I can't do that one....we'll be fishing in Florida!!  Maybe next time...'cause I had a good time last weekend.


----------



## redtailmatt (Jun 29, 2006)

I'll donate to the cause I think I am going to make a day of it with my son. Hopefully the weather will be settled by then! See everyopne there. Matt


----------



## Sleprock (Dec 16, 2005)

i am bringing my son as well matt.

wait till ya see the mohawk on my kid

i would rather he grow his hair long like i did in the old days oh well!!!!


----------



## Lunkers (Mar 8, 2007)

I want in again as well. Maybe I can use a friend of mines canoe. Although if I am not able too,will one of you mariners offer me a seat? I will have to make me a livewell to use if I use a friends canoe too. 

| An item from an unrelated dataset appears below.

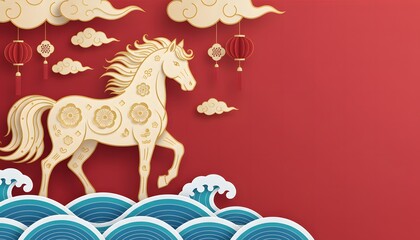 Golden paper cut zodiac horse on blue ocean waves under clouds for luxury Chinese New Year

I have a blow up raft that I use in ponds. I do not have a sticker on my raft.Without having to look it up, does anyone know if you have to Tag/register a inflatable raft to take it out on the river? I would think so, it seems the state of Ohio makes you tag everything except the fishing pole (shhh, dont give them any ideas). I would probably put a treble hook through it on the river anyway. I will check my schedule to see what I can do.


----------



## Sleprock (Dec 16, 2005)

hope the rivers come down by then, if not any suggestion for different location,(lake) or different date, species turny at a lake?


----------



## LMRsmallmouth (Jan 10, 2006)

Slep....there is plenty of time for the rivers to go down, dont give up yet! 8 days left, with no rain they will be fine by tuesday....


----------



## yakfish (Mar 13, 2005)

will this be a team or individual tourney? and if kayaks are allowed I'd like to be there if I'm not doing anything that day. souynds like fun. I might have to go down there and check out that strectch of river.


----------



## Sleprock (Dec 16, 2005)

you need a live well of some sort to keep fish alive


----------



## Sleprock (Dec 16, 2005)

stocked my tacklebox and flying in a real pro from fla.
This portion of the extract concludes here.